DATA SHOWN section start
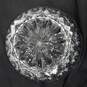 JG Durand 24% Lead Crystal Centerpiece Bowl Cathedral France IOB image number 3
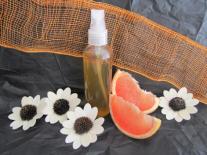 Eau active pour le corps Caféine & Vigne rouge raffermissantes 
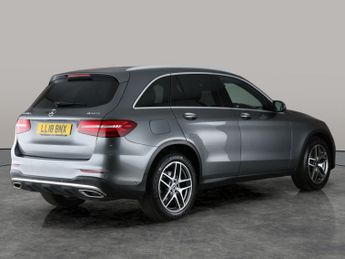 Mercedes-Benz GLC 2.1 GLC220d AMG Line G-Tronic+ 4MATIC (170 ps) - NAV - MIRROR PA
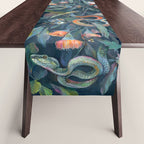 Snake Banksia Forest Table Runner Gallery Image 1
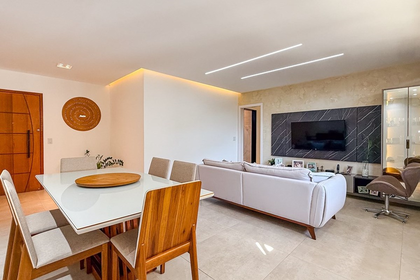 Apartamento em Praia da Costa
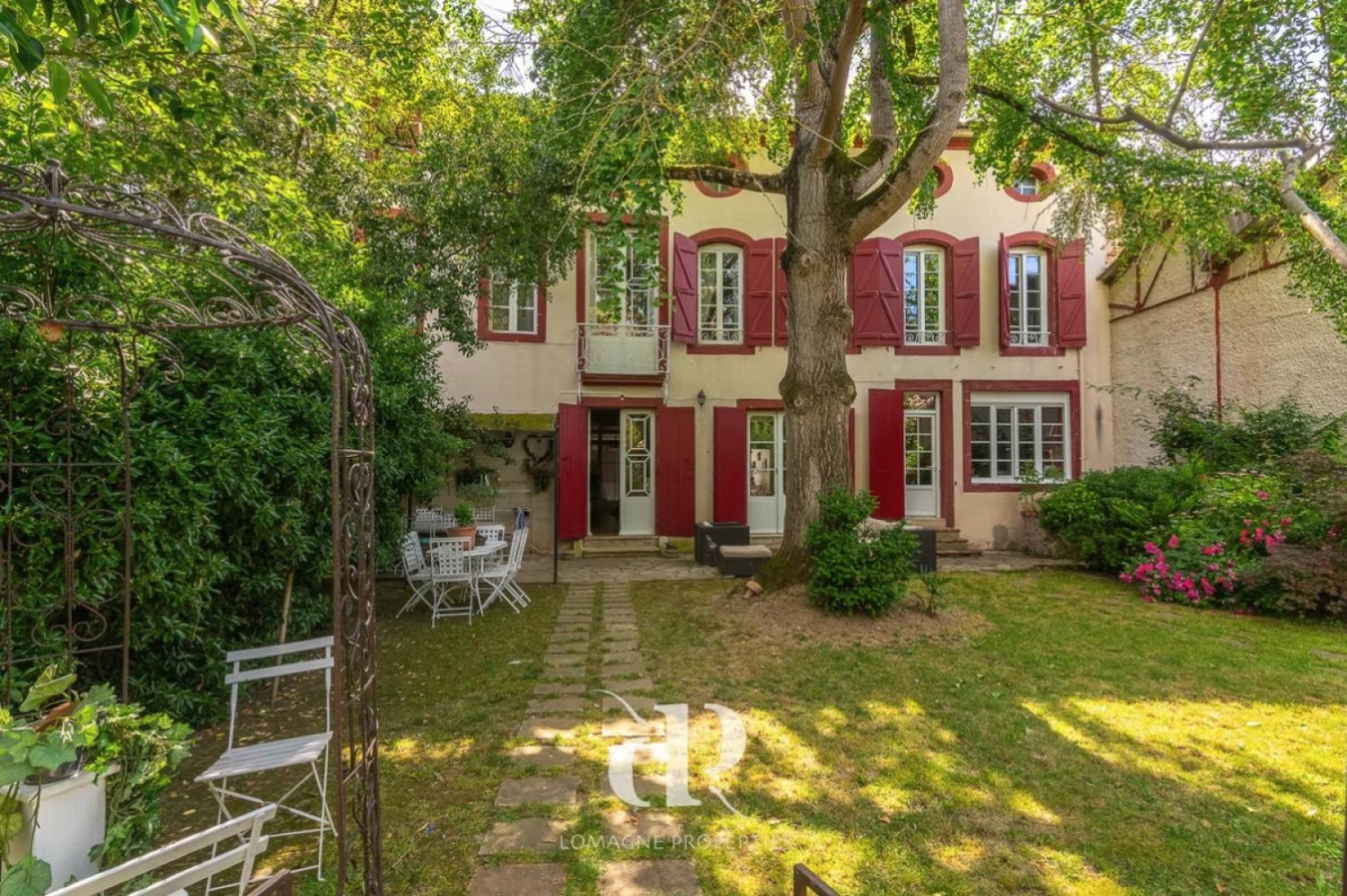 for sale house Beaumont-de-Lomagne Tarn-et-Garonne 1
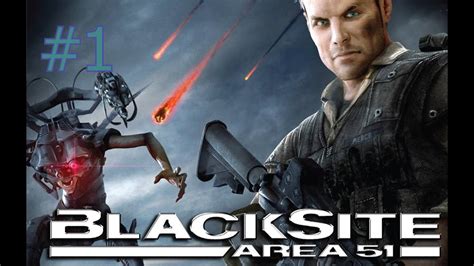 Blacksite Area 51 Walkthrough Part 1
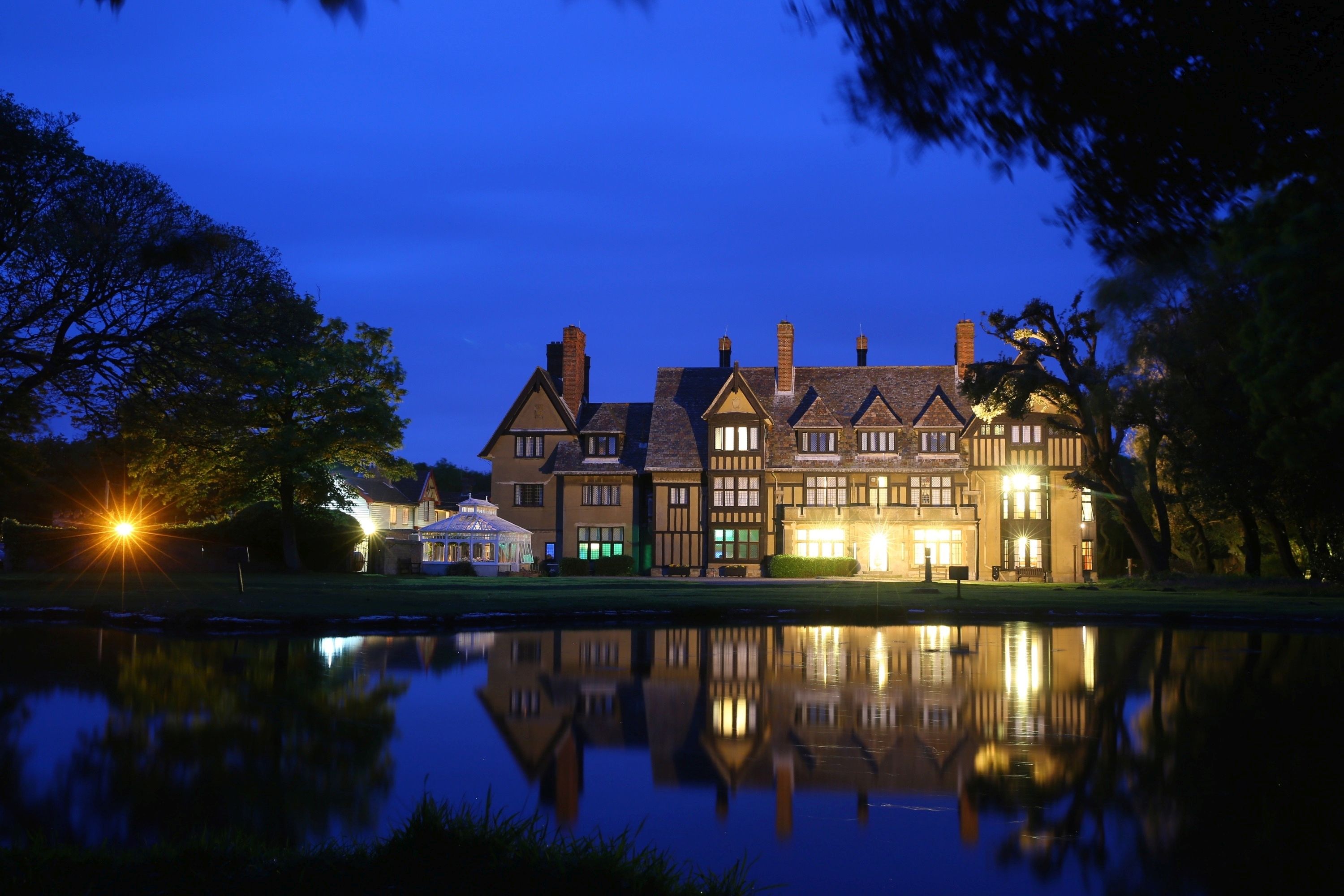 Sizewell Hall Christian Conference Centre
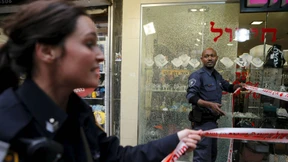 Attentäter erschießt zwei Menschen in Tel Aviv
DATA SHOWN section end
INSTRUCTIONS TO FOLLOW »
Drop the pictures, then write out only the lines running from the one containing "Mercedes-Benz GLC 2.1" through the last line above, both included, exactly.

RESULT »
 Mercedes-Benz GLC 2.1 GLC220d AMG Line G-Tronic+ 4MATIC (170 ps) - NAV - MIRROR PA
 Snake Banksia Forest Table Runner Gallery Image 1
 Apartamento em Praia da Costa
 for sale house Beaumont-de-Lomagne Tarn-et-Garonne 1
 Blacksite Area 51 Walkthrough Part 1
 Sizewell Hall Christian Conference Centre
 Attentäter erschießt zwei Menschen in Tel Aviv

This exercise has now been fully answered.